**Exercise directions:**
Pictures in the material below are to be left out, and only the lines from the line with "Pair of Herend" up to and including the line with "ADIDAS WOMEN'S GRAND" are to be written out exactly.

**Entries provided:**
=== Section Start ===
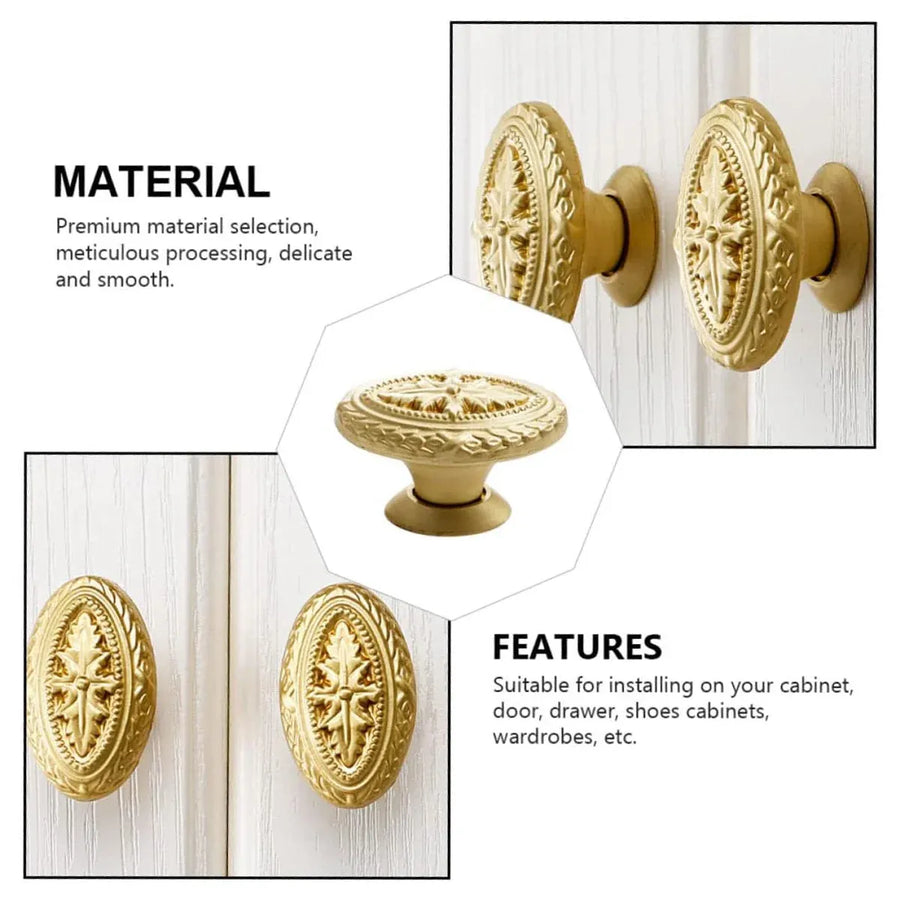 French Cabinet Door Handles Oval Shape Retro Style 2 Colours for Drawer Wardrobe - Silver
=== Section End ===
=== Section Start ===
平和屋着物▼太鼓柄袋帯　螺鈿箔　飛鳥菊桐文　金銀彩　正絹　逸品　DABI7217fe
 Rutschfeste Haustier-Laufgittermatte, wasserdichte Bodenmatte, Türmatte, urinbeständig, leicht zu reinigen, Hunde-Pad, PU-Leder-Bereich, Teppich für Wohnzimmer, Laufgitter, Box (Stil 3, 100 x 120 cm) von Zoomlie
=== Section End ===
=== Section Start ===
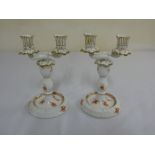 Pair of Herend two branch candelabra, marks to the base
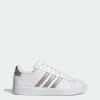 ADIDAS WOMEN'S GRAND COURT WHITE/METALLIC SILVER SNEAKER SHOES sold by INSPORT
=== Section End ===
**Exercise response:**
 Pair of Herend two branch candelabra, marks to the base
 ADIDAS WOMEN'S GRAND COURT WHITE/METALLIC SILVER SNEAKER SHOES sold by INSPORT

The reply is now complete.